Stock scams

Recently I purchased some Apple stock. When I was going over my financials this morning, Quicken had a news item entitled “QUAN to offer upgrade alternative to 117 million iPad users.” As an iPad user, I was interested, and the story said “Quantum International is working on a protective iPad case that will add storage capacity, battery life, and connectivity.” I didn’t really register the “connectivity” initially, so I was thinking battery case and wifi drive.

Next, I went looking for a tech article on this, since if they’re putting out press releases it had probably hit someplace like Gizmodo, and I could get more details. All I could find were press releases, pages and pages of them. So I looked up QUAN.

Stock Price: $0.09. Market Capitalization: $28,300 (that’s the full value, not “thousands.”) Number of employees: 1. Company description says it’s a “alternative energy” company, named “National Clean Fuels” until January 2012, when it changed its name to “Quantum International.” Incorporated in Houston, Texas. No SEC filings.

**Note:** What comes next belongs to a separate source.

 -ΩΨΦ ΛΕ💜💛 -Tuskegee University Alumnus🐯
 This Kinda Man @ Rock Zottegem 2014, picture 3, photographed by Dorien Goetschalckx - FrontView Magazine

It’s some guy in Texas doing a pump-and-dump scheme on a non-existent company. The stock price history is clearly screwy, since it shows stock prices in the $563,000 range back in 2005, with a volume of zero. I suspect the highest it’s ever been is $2.50 in March 2012, since there seem to be some actual trades back then. Since there was considerable volume traded at ~$2, I suspect he issued 300,000 shares, dumped them, bought them back, and is now hoping to pump the price again. Pure speculation on my part, of course.

How is it possible for such a tiny company to issue public stock? Isn’t that regulated?

Yes, they still fall under the SEC. It’s an Over The Counter Bulletin Board stock, meaning that you can’t buy it through a stock exchange, only through a network of dealers. You want shares in it, you call someone who can get those shares for you. I don’t know what it takes to be listed, but I wouldn’t be surprised if the requirements are much like those of forming a privately held corporation. That is, just a few forms an a few dollars to the state.

I had a chapter-S corporation back in the late 80’s, and that involved issuing shares to the two principles. In theory I could have sold some or all of those shares to someone else. In practice, it was just a way of dealing with distributing the income from the shareware I’d written, and reporting it for taxes.